A new study from Oregon State University has found that young women judge other young women in sexy, revealing pictures – as opposed to images in which they are clothed and not posing in a sexy manner – as less physically and socially attractive, and less competent to perform tasks.
Less physically attractive? Yes. Lead study author Elizabeth Daniels, an assistant professor of psychology who studies the effect of media on body image, was surprised by that one too.
Daniels called the findings a “clear indictment of sexy social media photos.”
Daniels created two fake Facebook profiles for a 20-year-old woman named Amanda Johnson, who likes Lady Gaga and the Twilight book series. The profiles were identical except for the profile pictures. One picture featured “Amanda” wearing a low-cut red dress, slit to mid-thigh with a visible garter belt. The other showed her in jeans, a t-shirt and scarf. (You can see the images here. They are actually the prom photo and senior high school portrait of a young woman who allowed them to be used for the study, and I have to say that I think that is a crazy amount of side-boob for a high-school photo. But maybe I’m just old and crotchety.)
One hundred and eighteen participants, girls and women aged 13-25, were then randomly assigned one of the profiles, and asked to assess Amanda’s physical attractiveness (I think she is pretty), social attractiveness (I think she could be a friend of mine), and task competence (I have confidence in her ability to get a job done) on a scale from 1-7, with one being strongly disagree and 7 being strongly agree.
According to the press release, the non-sexy profile scored higher in all three areas, “indicating that those who viewed that photo thought Amanda was prettier, more likely to make a good friend and more likely to complete a task.”
When it came to physical attractiveness, Daniels told The Oregonian, “Because there’s so much pressure in the culture for women to be sexy, I actually expected that maybe she would be considered more attractive because she was sexualized. But that’s not what I found.”

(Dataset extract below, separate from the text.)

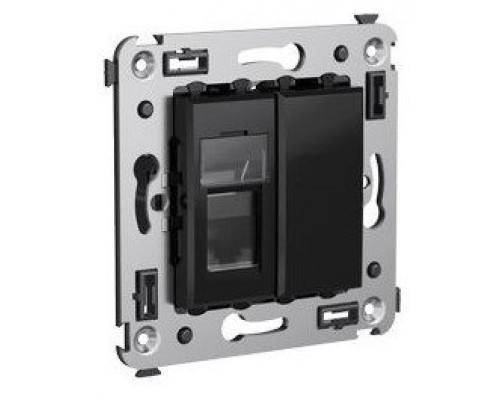 Розетка RJ-45 в стену Avanti одинарная черный квадрат (4402463)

The most significant difference was in the area of task competence, which is most pertinent to our interests here. In other words, that sexy pic can really hurt your credibility, and you should think twice before posting it.
Daniels points out that young women may find themselves torn over this, as they are often under pressure to portray themselves as sexy, but, she says, “sharing those sexy photos online may have more negative consequences than positive.”
The thing young people need to realize is that we have so much to be responsible for these days when it comes to our images. Twenty years ago, you were what you were in person and on paper. Now, everyone lives out loud, online, and all of that representation becomes a part of your identity as others see you. You have to be aware of that. Your privacy settings won’t necessarily protect you. In an era when we don’t personally know many of our online friends and followers, you never know who is looking.
Anticipating the potential argument that this suggestion is sexist, and that men aren’t subject to the same scrutiny: I think they probably are. A man won’t often post a picture of himself wearing a bikini and making duckface. But he might post one of himself with a sideways baseball cap, tongue hanging out and making finger guns, which would probably also make people question his task competence.
The solution is simple: don’t post anything you wouldn’t want a potential employer to see.
Daniels’ research was published today in the journal “Psychology of Popular Media Culture.”